I play a course fairly regularly that has only two bunkers. One back right on a downhill par 3 which is pretty much out of play, the other in the corner of the dogleg of the short par 5 that follows it. It doesn't suffer at all. It is interesting that there are some deep grassy hollows in a few places that may have been intended for bunkers at one point, but were left as grass. Honestly, I think they ought to just fill in the remaining two, the one on the par 3 wouldn't be noticed, and the one on the par 5 is a bit over 200 to the flag so a deep hollow filled with thick rough would be just as unlikely to be a "go" for anyone but Tiger anyway.
Until this course opened and I starting playing it, I would have never thought a course without bunkers could work so well. While I'm quick to agree that bunkers are a haven from the surrounding features on many courses (I aim for the damn things on tee shots on par 4s or second shots on par 5s when I figure I can't actually get on/hold the green since I figure it is an easier play for me) I figured they were necessary to create strategy for the average player.

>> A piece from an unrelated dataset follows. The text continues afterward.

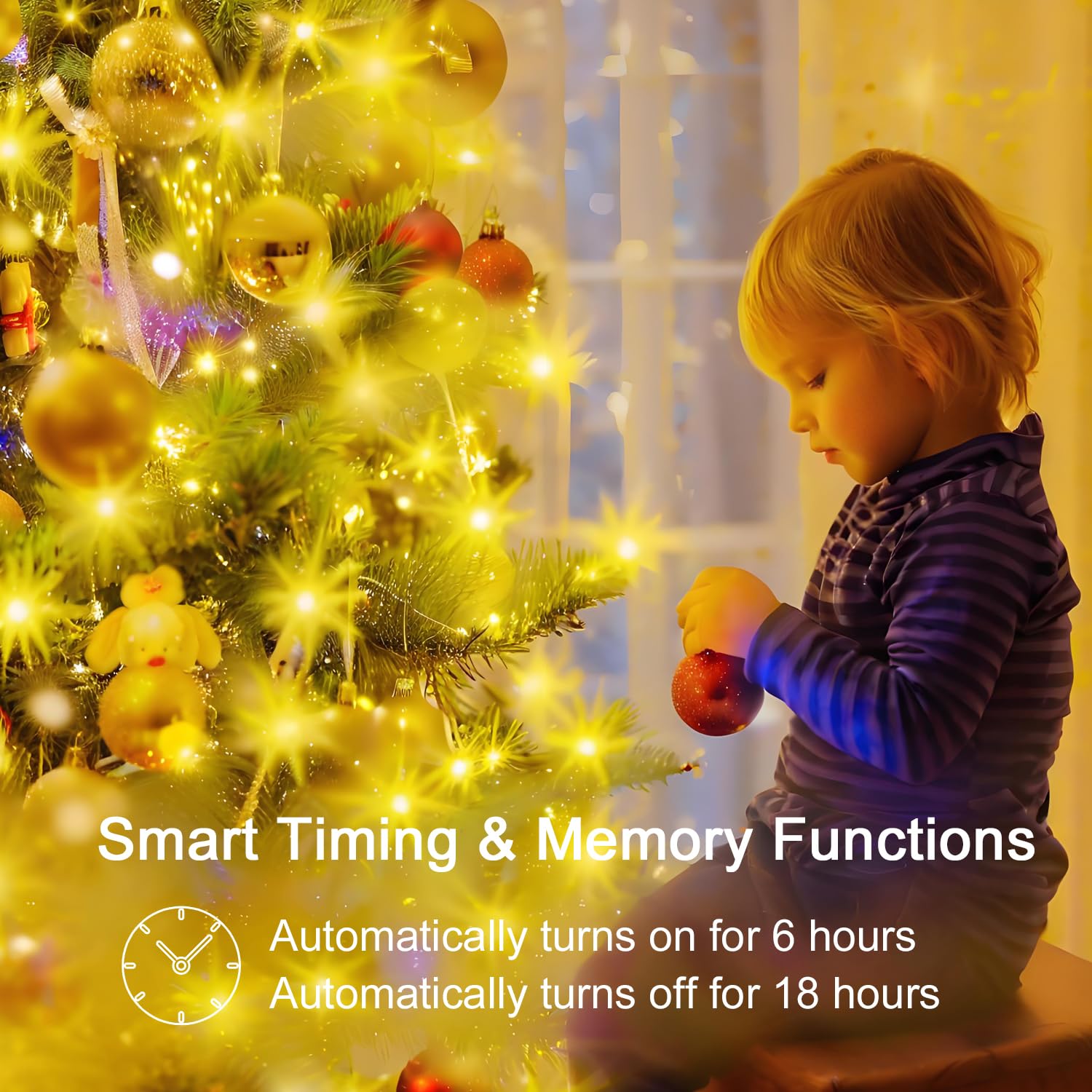 Christmas Tree Lights,2M/6.6Ft 400Led Fairy Light With Remote Control,16 Lines String Light,8 Modes,Timing Function,Led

What it really does is open up the true strategy for these golfers. Without the artificial constraint of being told where they should and shouldn't play due to their fear of bunkers, they have to really consider the strategy inherent in the terrain and the green. I've played with some people out there before who never mention anything strategic and they'll tell me stuff like "I always try to drive to the right side of the fairway on #6, the green runs away from me if I'm hitting from the left". Really amazing how avoiding bunkers, having little water in play and little OB in play opens people's eyes. This isn't a really tough course (70.7/127 from the tips, but it has 6 par 3s and 6 par 5s so it stands to reason the course rating runs lower than usual) and the lack of obvious trouble gets people wondering why they aren't killing it and after playing it a few times even architecturally clueless people you thought were lost causes appear to begin to notice the cause and effect of where they should and should not play. They actually see the strategy!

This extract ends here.